Is this part of the test, or a leftover debugging aid?

> +
> +	for b in branch1 branch2 branch3
> +	do
> +		git checkout -b $b main &&
> +		test_commit --no-tag "Change on $b" base $b
> +	done &&
> +
> +	git checkout branch1 &&
> +	test_must_fail git merge branch2 branch3 &&
> +	git diff --exit-code --name-status &&
> +	test_path_is_missing .git/MERGE_HEAD
> +'

Hmph, I am not sure if the new behaviour is not too pessimistic.
When octopus fails after successfully merging branch2 and then
failing the merge of branch3 (i.e. the last one) due to conflict,
I think octpus users are used to be able to resolve it manually
and make a commit.  Are we making it impossible by doing the
reset-restore dance here?

I do not use, and more importantly, I do not recommend others to
use, Octopus anymore, and from that point of view, it is a good move
to make Octopus harder to use on any non-trivial merge, but those
who still like Octopus may disagree.

Thanks.

> +test_done
Eric Sunshine July 20, 2022, 12:09 a.m. UTC | #3
[replying to Junio's email since I don't have the original available...]
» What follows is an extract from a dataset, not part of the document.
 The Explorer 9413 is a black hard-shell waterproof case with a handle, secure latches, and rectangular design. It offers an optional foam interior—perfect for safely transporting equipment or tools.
On Tue, Jul 19, 2022 at 7:22 PM Junio C Hamano <gitster@pobox.com> wrote:
> "Elijah Newren via GitGitGadget" <gitgitgadget@gmail.com> writes:
> > +     for b in branch1 branch2 branch3
> > +     do
> > +             git checkout -b $b main &&
> > +             test_commit --no-tag "Change on $b" base $b
> > +     done &&

Let's break out of the loop with `|| return 1` if something in the
loop body fails.

    for b in branch1 branch2 branch3
    do
        git checkout -b $b main &&
        test_commit --no-tag "Change on $b" base $b || return 1
    done &&
Elijah Newren July 21, 2022, 2:03 a.m. UTC | #4
On Tue, Jul 19, 2022 at 5:09 PM Eric Sunshine <sunshine@sunshineco.com> wrote:
>
> [replying to Junio's email since I don't have the original available...]
>
> On Tue, Jul 19, 2022 at 7:22 PM Junio C Hamano <gitster@pobox.com> wrote:
> > "Elijah Newren via GitGitGadget" <gitgitgadget@gmail.com> writes:
> > > +     for b in branch1 branch2 branch3
> > > +     do
> > > +             git checkout -b $b main &&
> > > +             test_commit --no-tag "Change on $b" base $b
> > > +     done &&
>
> Let's break out of the loop with `|| return 1` if something in the
> loop body fails.
>
>     for b in branch1 branch2 branch3
>     do
>         git checkout -b $b main &&
>         test_commit --no-tag "Change on $b" base $b || return 1
>     done &&

Okay, will do.
Elijah Newren July 21, 2022, 3:27 a.m. UTC | #5
On Tue, Jul 19, 2022 at 4:13 PM Junio C Hamano <gitster@pobox.com> wrote:
>
> "Elijah Newren via GitGitGadget" <gitgitgadget@gmail.com> writes:
>
> > Fix the main problem by making sure that restore_state() only skips the
> > stash application if the stash is null rather than skipping the whole
> > function.
>
> OK.
>
>
> > However, there is a secondary problem -- since merge.c forks
> > subprocesses to do the cleanup, the in-memory index is left out-of-sync.
> > While there was a refresh_cache(REFRESH_QUIET) call that attempted to
> > correct that, that function would not handle cases where the previous
> > merge strategy added conflicted entries.  We need to drop the index and
> > re-read it to handle such cases.
>
> Absolutely right.
>
> > diff --git a/builtin/merge.c b/builtin/merge.c
> > index aaee8f6a553..a21dece1b55 100644
> > --- a/builtin/merge.c
> > +++ b/builtin/merge.c
> > @@ -385,11 +385,11 @@ static void restore_state(const struct object_id *head,
> >  {
> >       const char *args[] = { "stash", "apply", "--index", NULL, NULL };
> >
> > -     if (is_null_oid(stash))
> > -             return;
> > -
> >       reset_hard(head, 1);
> >
> > +     if (is_null_oid(stash))
> > +             goto refresh_cache;
> > +
> >       args[3] = oid_to_hex(stash);
> >
> >       /*
> > @@ -398,7 +398,9 @@ static void restore_state(const struct object_id *head,
> >        */
> >       run_command_v_opt(args, RUN_GIT_CMD);
> >
> > -     refresh_cache(REFRESH_QUIET);
> > +refresh_cache:
> > +     if (discard_cache() < 0 || read_cache() < 0)
> > +             die(_("could not read index"));
>
> Don't we need refresh_cache() after re-reading the on-disk index, or
> do we have nothing to do further after restore_state() returns and
> the stat-info being stale does not matter?  Given that [3/6] exists,
> I suspect that we do want to make sure the in-core index is refreshed
> before we go ahead and run the next merge, no?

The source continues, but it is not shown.